Provided entries Start Marker
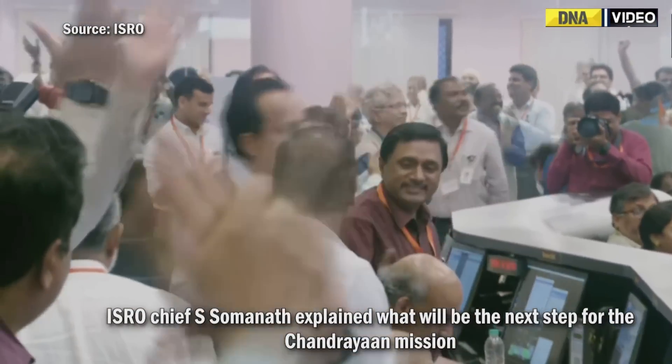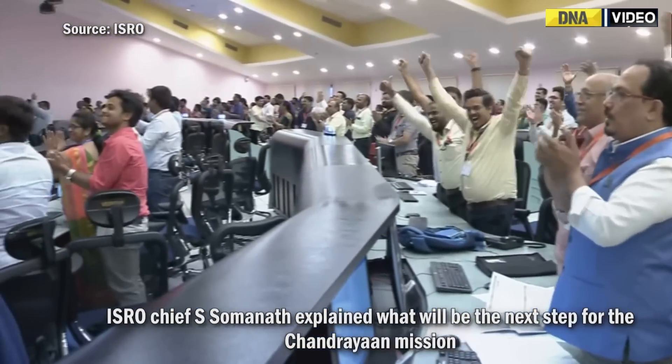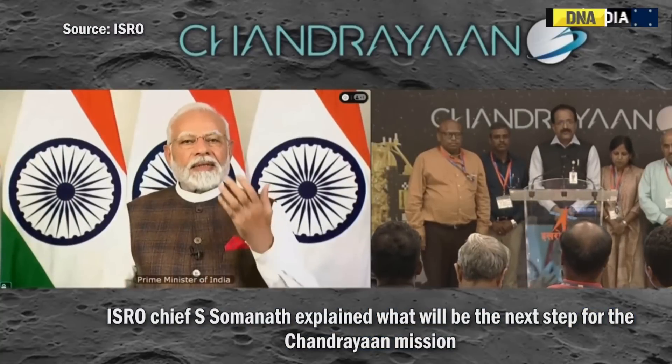People are applauding in this hall. This is the Pragyan rover.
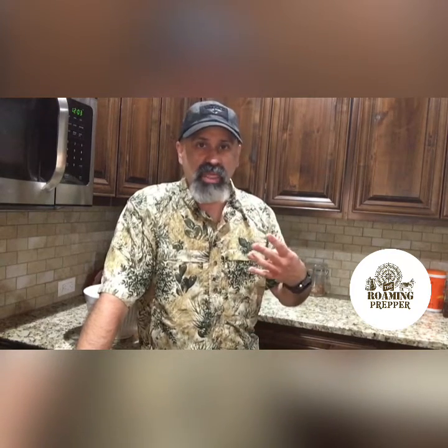Howdy folks, this is the Roaming Prepper channel. This is Pete. Thank you for coming by and checking out the video. I've had some people reach out after they saw one of my kitchen lives a few months ago and they said, can you redo the bread recipe again? Because it was only four ingredients, it was really simple. And I said, absolutely. So I'll be right back and we're going to do the bread recipe all over again.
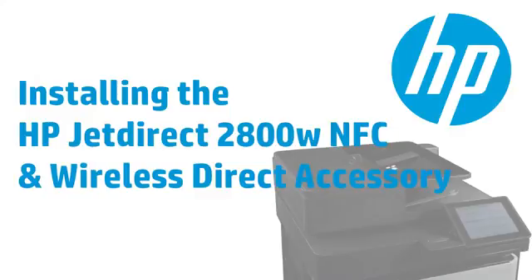This video shows how to install an HP JetDirect 2800W NFC Wireless Direct accessory. This accessory enables both Wireless Direct and NFC near-field communication printing.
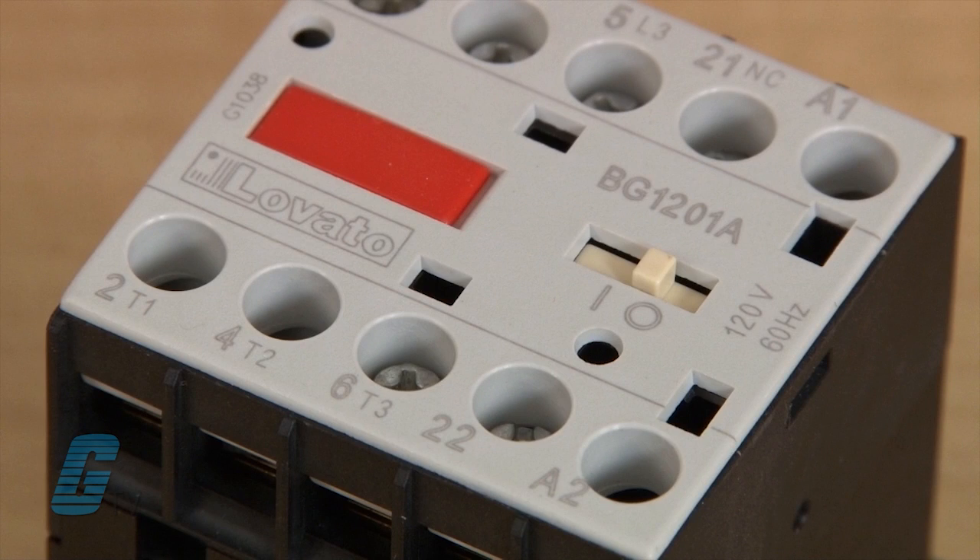Its distinct contact status indication on the front of the contactor makes it easy to check the status of the contactor from a distance, thanks to a moving indicator switch.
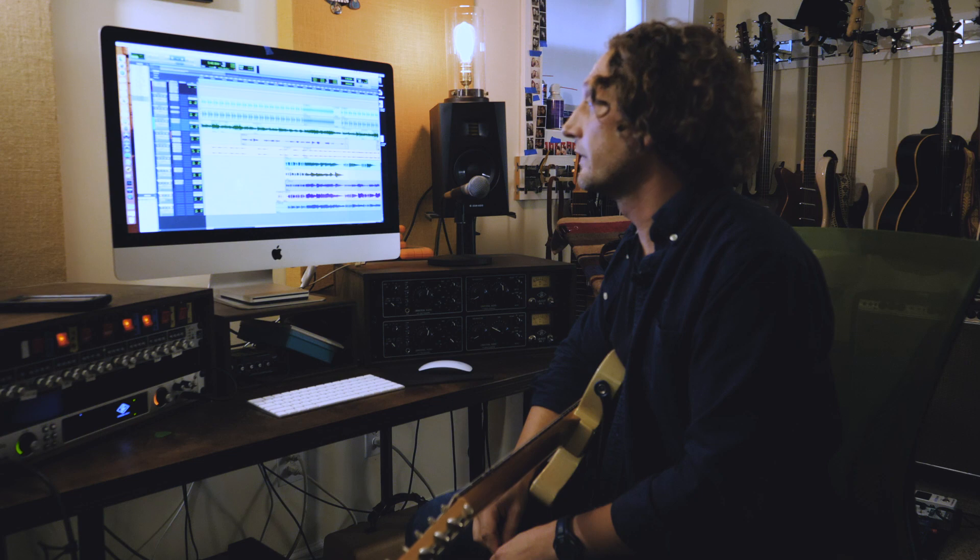These speakers sound great, giving me exactly what I've got coming from the plug-in and this guitar. So thank you, Atom Audio.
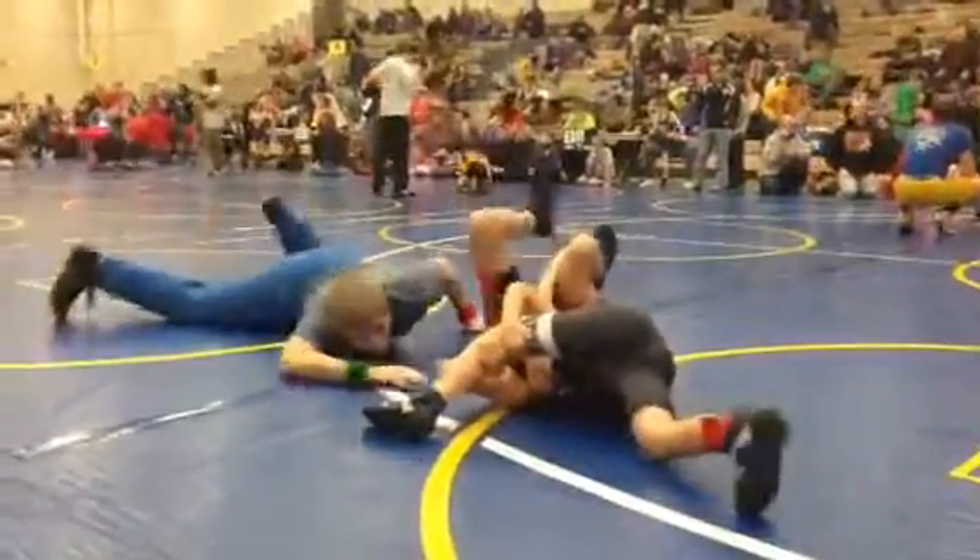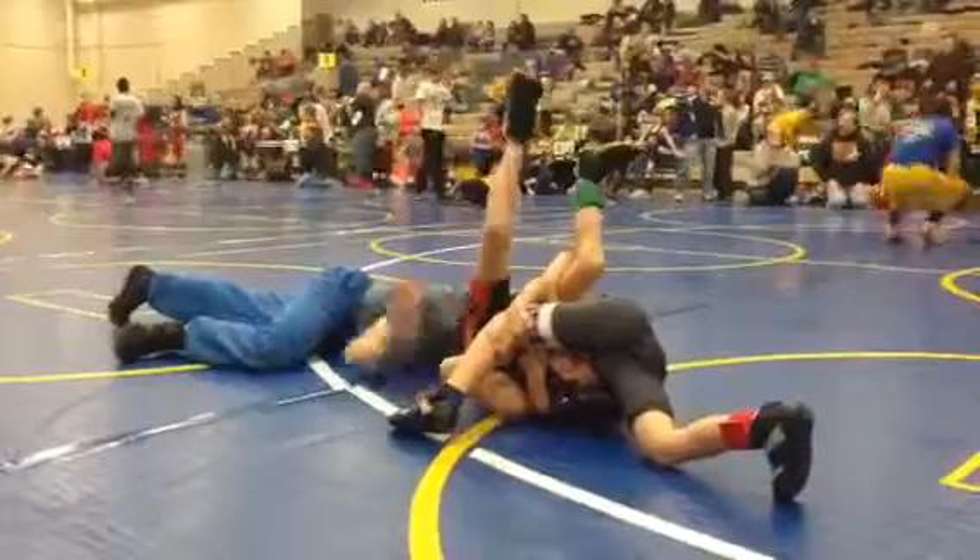Lock your legs together. Stretch out, now stretch out. Work on his hands. Kick his hands.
Provided entries End Marker
Work instruction =
Ignore the images and quote every line of the listing exactly.

Final answer =
People are applauding in this hall. This is the Pragyan rover.
Howdy folks, this is the Roaming Prepper channel. This is Pete. Thank you for coming by and checking out the video. I've had some people reach out after they saw one of my kitchen lives a few months ago and they said, can you redo the bread recipe again? Because it was only four ingredients, it was really simple. And I said, absolutely. So I'll be right back and we're going to do the bread recipe all over again.
This video shows how to install an HP JetDirect 2800W NFC Wireless Direct accessory. This accessory enables both Wireless Direct and NFC near-field communication printing.
Its distinct contact status indication on the front of the contactor makes it easy to check the status of the contactor from a distance, thanks to a moving indicator switch.
These speakers sound great, giving me exactly what I've got coming from the plug-in and this guitar. So thank you, Atom Audio.
Lock your legs together. Stretch out, now stretch out. Work on his hands. Kick his hands.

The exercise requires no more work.